# New Goats!! And Chocolate Buck!!!



## HollowbeadRanch (Oct 5, 2007)

I purchased 14 new goats on Sunday (12/23/2007). Some were purchased for customers of mine, and three of them are already in their new homes.

Ebony- Black with White Frosting and Wattles!!









Light Gray and White Agouti Doe









Gray Agouti Doe









Gray Agouti Doe









Black with White Frosting Doe









Gray Agouti Doeling









Black with White Frosting and White Belly Band Doeling









Black with White Frosting Doeling









Gray Agouti Buckling









Light Gray and White Agouti Buckling









Brownie- Chocolate 1yr. old Buck!









Let me know what you think!!!


----------



## cjpup (Dec 1, 2007)

Beautiful Pygmies! that gray agouti buckling is going to be gorgeous!!!! Good luck with them!

CJ


----------



## HollowbeadRanch (Oct 5, 2007)

Thanks!! The two Bucklings were mainly purchased for resale.
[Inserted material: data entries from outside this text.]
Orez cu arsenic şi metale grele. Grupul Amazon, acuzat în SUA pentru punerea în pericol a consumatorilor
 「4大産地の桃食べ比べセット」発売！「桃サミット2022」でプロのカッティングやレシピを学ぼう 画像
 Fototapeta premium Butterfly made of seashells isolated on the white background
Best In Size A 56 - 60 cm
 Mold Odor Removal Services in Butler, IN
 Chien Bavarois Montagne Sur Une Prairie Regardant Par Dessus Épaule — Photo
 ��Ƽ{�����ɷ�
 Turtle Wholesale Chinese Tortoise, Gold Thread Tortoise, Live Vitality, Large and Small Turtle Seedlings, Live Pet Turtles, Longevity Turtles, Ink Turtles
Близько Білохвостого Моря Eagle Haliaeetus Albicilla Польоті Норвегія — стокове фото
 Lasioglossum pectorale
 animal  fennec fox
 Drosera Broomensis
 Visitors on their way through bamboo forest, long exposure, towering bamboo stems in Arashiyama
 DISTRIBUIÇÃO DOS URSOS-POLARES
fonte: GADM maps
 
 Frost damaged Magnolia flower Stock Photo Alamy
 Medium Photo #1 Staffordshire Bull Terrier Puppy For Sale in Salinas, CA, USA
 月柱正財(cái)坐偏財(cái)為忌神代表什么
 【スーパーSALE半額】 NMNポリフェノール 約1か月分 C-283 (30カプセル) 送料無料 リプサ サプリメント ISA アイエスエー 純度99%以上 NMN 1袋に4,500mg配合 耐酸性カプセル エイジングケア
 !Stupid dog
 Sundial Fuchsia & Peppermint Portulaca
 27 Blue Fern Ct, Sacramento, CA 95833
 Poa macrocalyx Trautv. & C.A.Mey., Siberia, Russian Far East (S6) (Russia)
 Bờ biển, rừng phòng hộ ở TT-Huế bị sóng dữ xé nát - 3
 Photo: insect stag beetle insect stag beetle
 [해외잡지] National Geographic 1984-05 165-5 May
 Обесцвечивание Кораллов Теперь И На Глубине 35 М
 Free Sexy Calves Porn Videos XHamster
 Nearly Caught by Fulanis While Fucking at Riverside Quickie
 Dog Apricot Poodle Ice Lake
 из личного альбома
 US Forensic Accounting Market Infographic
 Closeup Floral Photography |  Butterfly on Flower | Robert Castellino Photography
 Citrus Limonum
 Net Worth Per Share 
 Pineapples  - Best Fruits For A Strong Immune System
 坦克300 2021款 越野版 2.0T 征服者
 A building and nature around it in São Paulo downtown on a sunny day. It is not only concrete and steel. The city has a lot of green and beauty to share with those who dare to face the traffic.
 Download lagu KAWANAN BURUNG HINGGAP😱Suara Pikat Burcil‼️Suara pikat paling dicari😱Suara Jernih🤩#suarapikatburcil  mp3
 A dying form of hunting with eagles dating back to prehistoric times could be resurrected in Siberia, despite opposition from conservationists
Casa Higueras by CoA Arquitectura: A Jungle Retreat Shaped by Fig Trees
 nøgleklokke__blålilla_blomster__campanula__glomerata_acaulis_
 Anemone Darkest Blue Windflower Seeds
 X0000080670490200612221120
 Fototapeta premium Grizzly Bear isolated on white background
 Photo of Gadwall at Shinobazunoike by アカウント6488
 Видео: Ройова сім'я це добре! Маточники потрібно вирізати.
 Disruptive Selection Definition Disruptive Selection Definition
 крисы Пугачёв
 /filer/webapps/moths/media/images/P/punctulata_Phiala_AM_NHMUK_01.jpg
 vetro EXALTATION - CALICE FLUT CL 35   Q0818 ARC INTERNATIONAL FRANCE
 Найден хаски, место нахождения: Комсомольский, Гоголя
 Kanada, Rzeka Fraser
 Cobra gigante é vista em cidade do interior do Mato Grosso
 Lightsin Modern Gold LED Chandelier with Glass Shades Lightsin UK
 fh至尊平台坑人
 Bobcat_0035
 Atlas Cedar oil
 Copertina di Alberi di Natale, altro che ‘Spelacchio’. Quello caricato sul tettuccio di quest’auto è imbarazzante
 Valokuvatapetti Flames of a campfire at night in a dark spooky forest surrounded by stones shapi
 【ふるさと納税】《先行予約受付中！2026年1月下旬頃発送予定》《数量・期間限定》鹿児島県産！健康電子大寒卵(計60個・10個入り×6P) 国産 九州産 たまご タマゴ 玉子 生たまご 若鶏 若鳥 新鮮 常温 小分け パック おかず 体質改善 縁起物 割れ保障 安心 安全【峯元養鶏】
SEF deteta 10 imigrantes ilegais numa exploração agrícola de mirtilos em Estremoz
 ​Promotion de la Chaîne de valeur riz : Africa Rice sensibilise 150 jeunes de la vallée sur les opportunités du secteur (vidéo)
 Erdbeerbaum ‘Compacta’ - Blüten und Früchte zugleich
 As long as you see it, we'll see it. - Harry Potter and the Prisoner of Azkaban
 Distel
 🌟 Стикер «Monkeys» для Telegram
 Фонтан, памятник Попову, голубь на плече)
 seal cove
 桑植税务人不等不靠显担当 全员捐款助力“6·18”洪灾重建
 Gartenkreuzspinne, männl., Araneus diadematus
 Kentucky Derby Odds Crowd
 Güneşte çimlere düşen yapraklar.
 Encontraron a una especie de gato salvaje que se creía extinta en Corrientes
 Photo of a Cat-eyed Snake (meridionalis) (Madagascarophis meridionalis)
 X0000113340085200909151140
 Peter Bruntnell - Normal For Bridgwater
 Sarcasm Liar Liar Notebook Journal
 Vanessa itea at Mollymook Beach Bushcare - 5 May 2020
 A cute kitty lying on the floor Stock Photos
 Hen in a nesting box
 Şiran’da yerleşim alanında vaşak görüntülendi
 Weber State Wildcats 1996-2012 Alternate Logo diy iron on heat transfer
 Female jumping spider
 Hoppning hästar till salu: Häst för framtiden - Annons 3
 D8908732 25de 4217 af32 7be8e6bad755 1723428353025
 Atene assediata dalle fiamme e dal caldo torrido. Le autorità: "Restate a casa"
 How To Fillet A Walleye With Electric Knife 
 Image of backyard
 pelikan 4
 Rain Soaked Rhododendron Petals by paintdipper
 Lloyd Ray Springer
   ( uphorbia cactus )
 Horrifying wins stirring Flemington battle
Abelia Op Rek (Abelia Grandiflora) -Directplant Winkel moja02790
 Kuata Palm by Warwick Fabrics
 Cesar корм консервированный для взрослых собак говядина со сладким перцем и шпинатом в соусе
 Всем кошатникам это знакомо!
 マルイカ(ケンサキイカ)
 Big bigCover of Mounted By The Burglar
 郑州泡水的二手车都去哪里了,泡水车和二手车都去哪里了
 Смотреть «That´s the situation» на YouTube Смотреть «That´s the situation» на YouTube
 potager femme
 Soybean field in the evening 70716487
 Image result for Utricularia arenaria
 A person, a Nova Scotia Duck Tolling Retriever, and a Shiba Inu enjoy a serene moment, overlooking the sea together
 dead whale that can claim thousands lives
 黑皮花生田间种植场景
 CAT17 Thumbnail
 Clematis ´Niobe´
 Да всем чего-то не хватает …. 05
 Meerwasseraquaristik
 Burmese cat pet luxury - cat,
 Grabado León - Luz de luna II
I have a couple of people on a waiting list for Bucklings, so I figured I would give them a try. I am really happy with Brownie though, and I think he will work perfectly with my Pygmy herd, atleast for now :wink:


----------



## goathappy (Oct 5, 2007)

Very pretty goats! Congrats on the new additions


----------



## HollowbeadRanch (Oct 5, 2007)

Thank you!!!


----------



## Crissa (Oct 7, 2007)

They're nice! I LOVE that chocolate buck! That coloring is just so beautiful.


----------



## MissMM (Oct 22, 2007)

All of them are excellent - but the chocolate buck would be my favorite. I named my chocolate caramel goatie Ghirardelli 

Have fun w/all of your new ones!


----------



## HollowbeadRanch (Oct 5, 2007)

Thank you!!! I think, if I looked it up right on the Pygmy website, his color is called brown agouti. I think.....


----------



## Hailee's Herd (Oct 5, 2007)

Those are some nice looking Pygmys.


----------



## HollowbeadRanch (Oct 5, 2007)

Thank you


----------



## Sweet Gum Minis (Oct 6, 2007)

Gorgeous and your buck has roaning too! He's gorgeous!!!


----------



## HollowbeadRanch (Oct 5, 2007)

Thank you!! I am very happy with him


----------



## Muddy Creek Farm (Oct 5, 2007)

Congrats! they are all beautiful!


----------



## HollowbeadRanch (Oct 5, 2007)

Thank you :lol:


----------



## liz (Oct 5, 2007)

Very pretty goaties!! And the buck is certainly a handsome guy! The roaning he has is looks like frosting! You certainly have increased your herd a whole lot with some beauties!


----------



## sweetgoats (Oct 18, 2007)

Ok, you said you purchased some for resale, so which ones are you keeping (besides Brownie)?


----------



## HollowbeadRanch (Oct 5, 2007)

The Gray Agouti Doeling, the second Gray Agouti Doe, one of the Black Does with white frosting(can't decide which one), and the two Bucklings.


----------